_What to produce_
Starting at the line that contains "制作のフォローアップを行い、" in the listing below, write out every line word for word until you have written the line that contains "Rick Santorum's 2012 FEC report.".

_Extracted records_

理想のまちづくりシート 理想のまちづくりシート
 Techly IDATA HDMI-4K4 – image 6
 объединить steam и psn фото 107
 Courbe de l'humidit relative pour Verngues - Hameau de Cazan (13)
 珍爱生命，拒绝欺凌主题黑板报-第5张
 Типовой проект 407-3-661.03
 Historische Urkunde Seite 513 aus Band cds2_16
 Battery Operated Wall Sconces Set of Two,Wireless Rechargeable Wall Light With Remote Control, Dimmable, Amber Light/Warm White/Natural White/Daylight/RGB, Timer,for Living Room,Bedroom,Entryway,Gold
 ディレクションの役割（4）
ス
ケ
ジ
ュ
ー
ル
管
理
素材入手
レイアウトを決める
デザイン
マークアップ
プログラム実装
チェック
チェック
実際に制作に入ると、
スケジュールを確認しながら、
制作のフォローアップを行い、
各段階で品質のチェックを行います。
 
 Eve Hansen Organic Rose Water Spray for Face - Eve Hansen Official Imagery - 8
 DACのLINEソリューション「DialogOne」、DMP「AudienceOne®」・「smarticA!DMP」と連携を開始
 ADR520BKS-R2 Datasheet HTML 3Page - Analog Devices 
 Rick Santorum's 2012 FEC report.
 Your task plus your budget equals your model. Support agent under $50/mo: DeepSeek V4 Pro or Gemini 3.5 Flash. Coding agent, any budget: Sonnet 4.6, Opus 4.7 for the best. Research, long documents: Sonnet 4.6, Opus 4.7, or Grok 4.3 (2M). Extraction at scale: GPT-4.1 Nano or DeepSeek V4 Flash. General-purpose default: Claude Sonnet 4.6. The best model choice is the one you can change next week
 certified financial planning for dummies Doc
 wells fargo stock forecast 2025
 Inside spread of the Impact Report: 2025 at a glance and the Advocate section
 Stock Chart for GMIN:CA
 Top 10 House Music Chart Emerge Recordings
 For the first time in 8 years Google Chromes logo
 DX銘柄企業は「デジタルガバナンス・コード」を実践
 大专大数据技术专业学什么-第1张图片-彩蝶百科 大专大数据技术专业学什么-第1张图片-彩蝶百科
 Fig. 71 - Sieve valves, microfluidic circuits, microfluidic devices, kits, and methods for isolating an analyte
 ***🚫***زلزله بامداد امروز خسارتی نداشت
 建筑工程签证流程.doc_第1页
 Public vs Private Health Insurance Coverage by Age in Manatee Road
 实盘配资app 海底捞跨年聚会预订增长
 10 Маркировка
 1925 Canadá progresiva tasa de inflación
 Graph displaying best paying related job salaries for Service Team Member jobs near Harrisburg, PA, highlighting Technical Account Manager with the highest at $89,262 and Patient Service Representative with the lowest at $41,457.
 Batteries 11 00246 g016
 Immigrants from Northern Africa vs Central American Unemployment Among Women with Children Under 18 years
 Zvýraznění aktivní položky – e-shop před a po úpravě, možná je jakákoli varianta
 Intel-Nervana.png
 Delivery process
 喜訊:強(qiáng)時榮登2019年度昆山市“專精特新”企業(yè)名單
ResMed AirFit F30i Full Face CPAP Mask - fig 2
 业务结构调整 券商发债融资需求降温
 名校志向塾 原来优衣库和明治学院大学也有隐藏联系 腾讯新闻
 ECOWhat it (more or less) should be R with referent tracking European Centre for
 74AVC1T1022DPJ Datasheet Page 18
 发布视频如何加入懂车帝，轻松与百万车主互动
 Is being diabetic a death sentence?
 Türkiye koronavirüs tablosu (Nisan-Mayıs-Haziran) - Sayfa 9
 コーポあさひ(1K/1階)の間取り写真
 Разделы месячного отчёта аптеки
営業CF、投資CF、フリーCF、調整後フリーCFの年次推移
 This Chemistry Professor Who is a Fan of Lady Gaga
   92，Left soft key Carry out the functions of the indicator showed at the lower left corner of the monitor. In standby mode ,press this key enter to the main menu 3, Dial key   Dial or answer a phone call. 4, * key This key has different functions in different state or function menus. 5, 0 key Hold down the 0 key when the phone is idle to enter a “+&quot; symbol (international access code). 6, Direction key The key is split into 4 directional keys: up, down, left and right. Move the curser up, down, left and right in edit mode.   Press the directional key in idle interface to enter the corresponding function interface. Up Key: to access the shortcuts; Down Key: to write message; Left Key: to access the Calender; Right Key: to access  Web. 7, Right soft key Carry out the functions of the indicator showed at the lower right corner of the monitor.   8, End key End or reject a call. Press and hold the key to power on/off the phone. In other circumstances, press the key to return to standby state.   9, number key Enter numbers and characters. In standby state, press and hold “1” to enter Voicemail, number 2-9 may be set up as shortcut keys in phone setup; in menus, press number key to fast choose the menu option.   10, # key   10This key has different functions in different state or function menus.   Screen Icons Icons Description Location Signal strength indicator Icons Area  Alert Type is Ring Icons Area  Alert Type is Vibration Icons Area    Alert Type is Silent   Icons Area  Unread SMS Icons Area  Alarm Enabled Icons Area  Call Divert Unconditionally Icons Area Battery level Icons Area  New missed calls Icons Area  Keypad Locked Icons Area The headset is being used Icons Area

_Response_
制作のフォローアップを行い、
各段階で品質のチェックを行います。
 
 Eve Hansen Organic Rose Water Spray for Face - Eve Hansen Official Imagery - 8
 DACのLINEソリューション「DialogOne」、DMP「AudienceOne®」・「smarticA!DMP」と連携を開始
 ADR520BKS-R2 Datasheet HTML 3Page - Analog Devices 
 Rick Santorum's 2012 FEC report.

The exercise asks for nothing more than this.